Dieser hässliche, abgesplitterte Nagellack erinnert mich aus dem Universum daran, dass ich innehalten und atmen und etwas nur für mich tun muss, und das tue ich nicht Gemeint sind grundlegende Dinge wie alleine schlafen oder pinkeln oder Kaffee trinken, solange es heiß ist. Ich meine, etwas Angenehmes zu tun, nur um mich glücklich zu machen. Die Tränen, die mir während meines Zusammenbruchs in die Augen strömten, waren sicherlich unerwartet und untypisch für mich, aber wenn ich innehalte und wirklich darüber nachdenke, waren sie überfällig.
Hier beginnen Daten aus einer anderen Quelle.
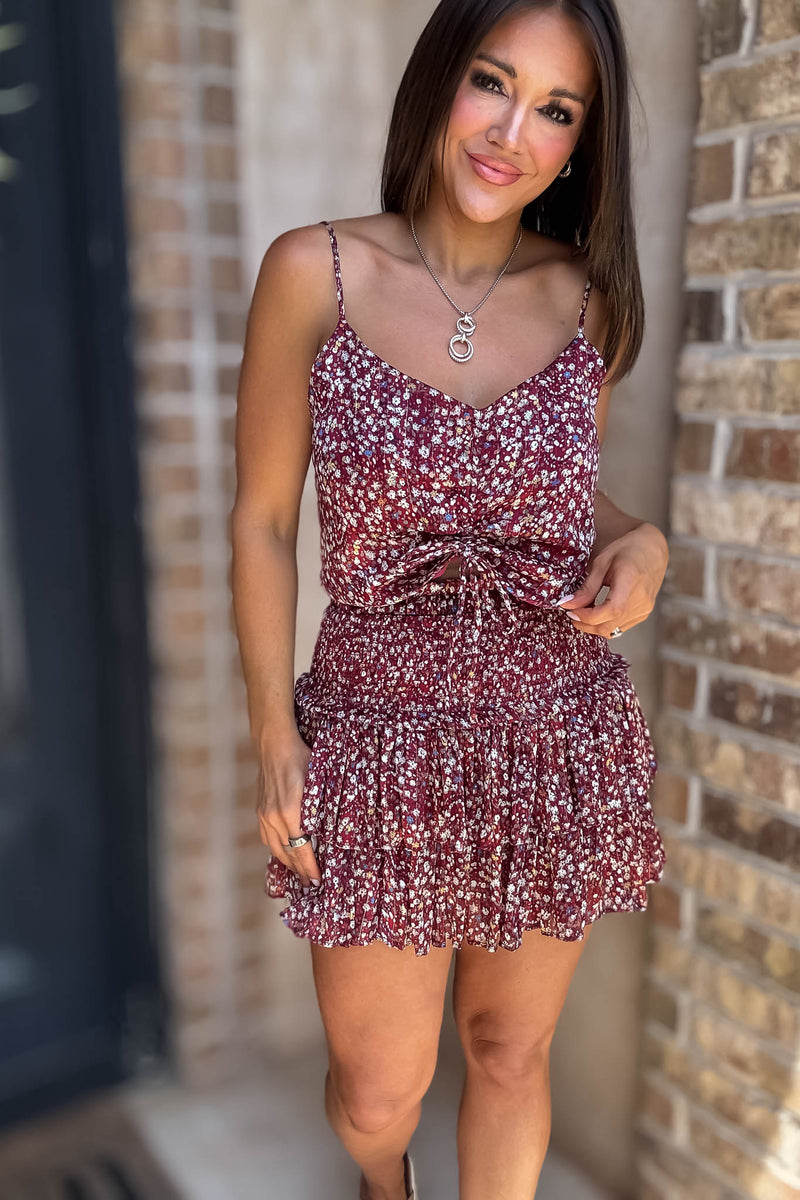 Burgundy Floral Print Ruffle Crop Top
It’s like that airplane rule, you gotta give yourself oxygen first so that you can give it to those around you. Ich habe mir selbst keinen Sauerstoff gegeben.
Am Ende habe ich den abgesplitterten Nagellack noch ein paar Tage einwirken lassen, weil mir die kleine Erinnerung an mich selbst auf meinen Fingerspitzen gefiel. Eine Erinnerung daran, mir so schnell wie möglich etwas Sauerstoff zu geben. Ich war mir nicht sicher, wie meine Zeit aussehen würde, aber ich wusste, dass ich etwas brauchte. Und dann, eines Abends, nachdem die Kinder eingeschlafen waren, wischte ich den Nagellack ab, goss mir ein heißes Schaumbad ein und saß eine Stunde lang schweigend im Dunkeln. Das heiße Wasser beruhigte meine müden Muskeln und die Stille beruhigte meine Seele. Es war die beste Entspannung, die ich seit Monaten hatte, und ich werde nicht noch einmal so lange warten, bis ich daran denke, mir etwas Gnade zu gönnen.